The point is that no journalist is involved. The work is being done by computers that keep scanning news sites, analyze articles and summarize them, also establishing cross connection to get the overall picture.
We already have programs, like FlipBoard, that are able to do a very good job in extracting articles from many sources and publishing them in an online magazine like form. Now it will be possible to have the summary of articles for a quick scan.
The technology involved is quite complex and push the boundaries of computer intelligence. The computer has to make sense of what is being written and has to put that into a context. Furthermore, to compare what is being written in different places about a certain topic it has to understand the different points of view. There is basically no limit to the sophistication involved (it may go beyond the capabilities of a human journalist….). Think about comparing a political news as reported by a Syrian newspaper (tied to the present government) and one reported by a European newspaper that is opposing the Syrian government.

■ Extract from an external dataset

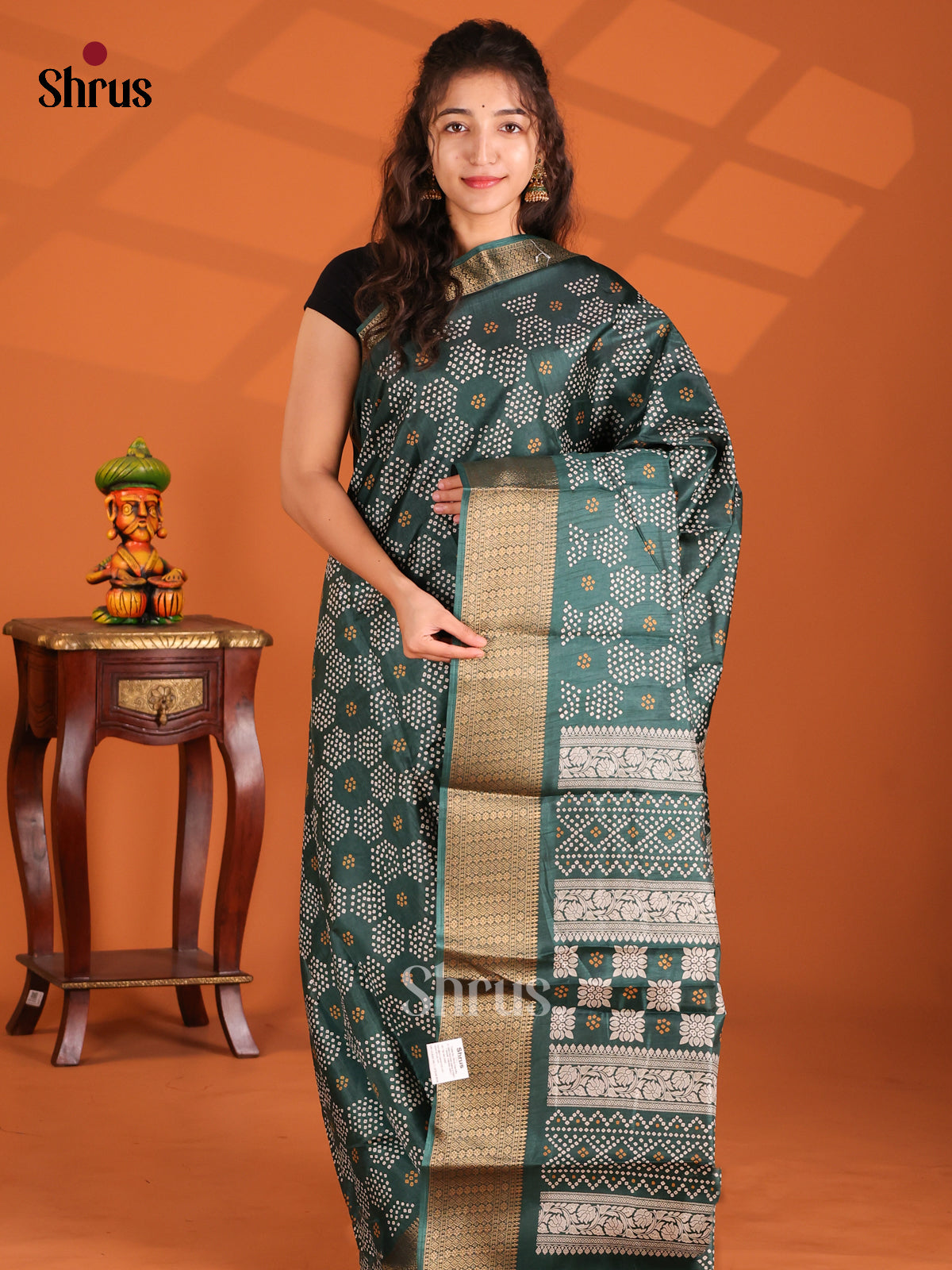 Dark Green - Semi Crepe Saree - Shop on Shrus.com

The fact might the the same but the way it is reported may be completely different!
I am really curious to see the extent of “smartness” that is achieved in this very ambitious project. Notice that they target “knowledge” and that is a very tricky area. You understand immediately what knowledge is but as soon as you start looking into it it becomes very fuzzy indeed…
It is clear that this is the way to the future of browsing the web, having automatic oils that can do the browsing and present a summary of what is out there. The question is how can we trust them? Already today Google claims to be transparent in its reporting of links to your query but is that really the case? Having placed a link in the 10256th page is probably the most efficient way of hiding it, rather than disclosing it! Formally they can claim they are giving the information to you, but in practice by choosing what goes in the first (few) page(s) they are steering you to very specific places… and it is their decision, not your.
Tools that will summarize news will pose even greater issues, particularly if they claim to provide us with “knowledge”. New possibilities are around the corner, and new challenges we never considered before will need to be faced.